---- DATA TO PROCESS

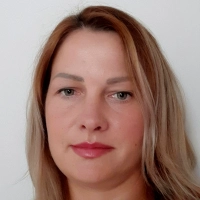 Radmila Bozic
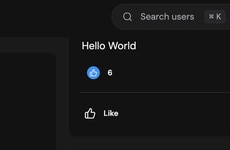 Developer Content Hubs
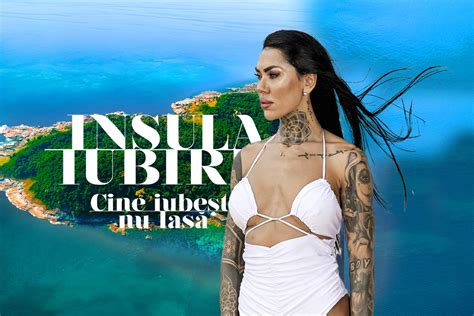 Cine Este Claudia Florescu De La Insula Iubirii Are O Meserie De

--------
---- DATA TO PROCESS

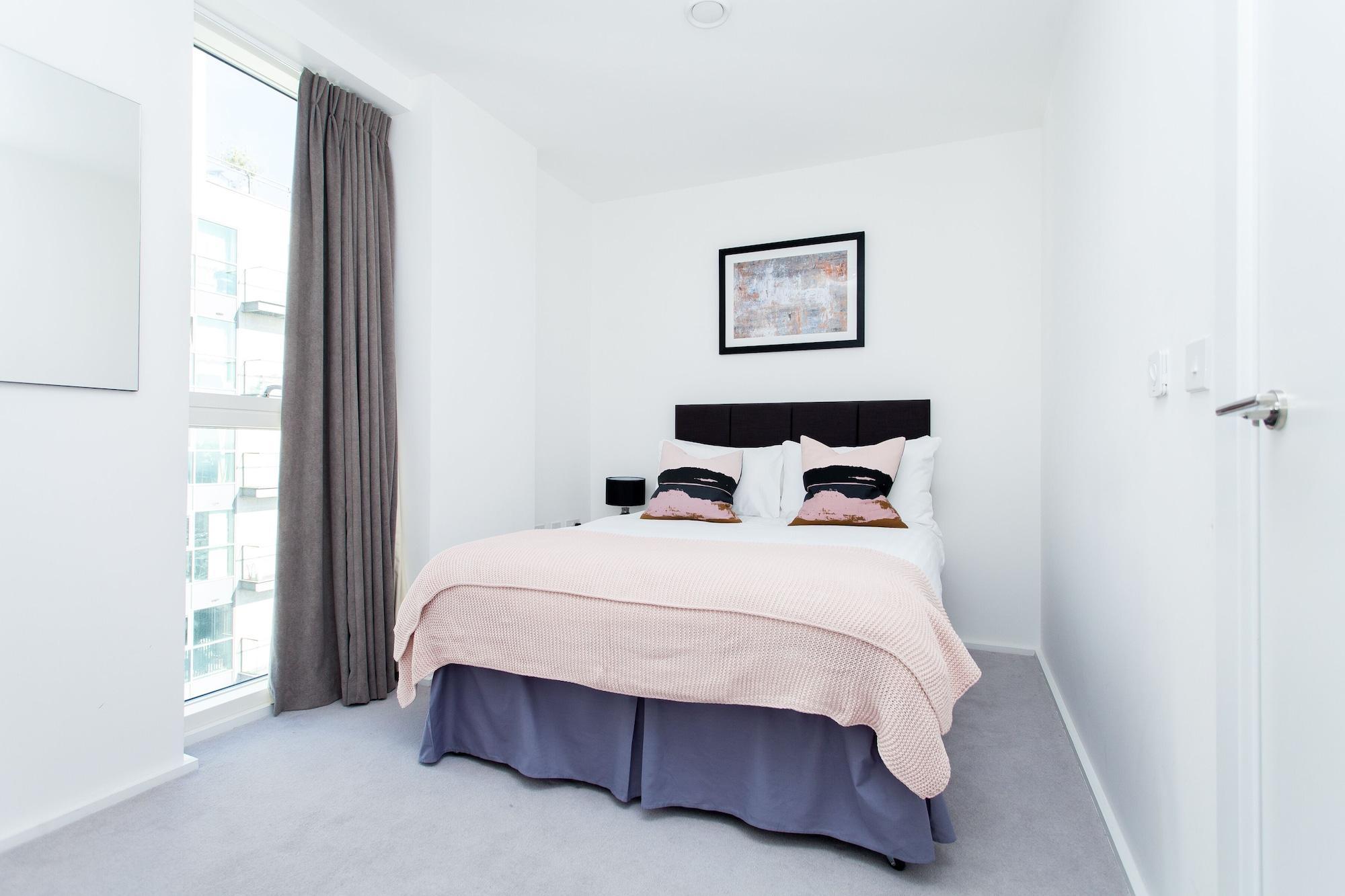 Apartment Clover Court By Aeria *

--------

§ WHAT TO PRODUCE
From the listing above, repeat only the lines between the line containing "Radmila Bozic" and the line containing "Cine Este Claudia", those two included. Pictures are not part of the copy.

§ RESPONSE TO THE TASK
 Radmila Bozic
 Developer Content Hubs
 Cine Este Claudia Florescu De La Insula Iubirii Are O Meserie De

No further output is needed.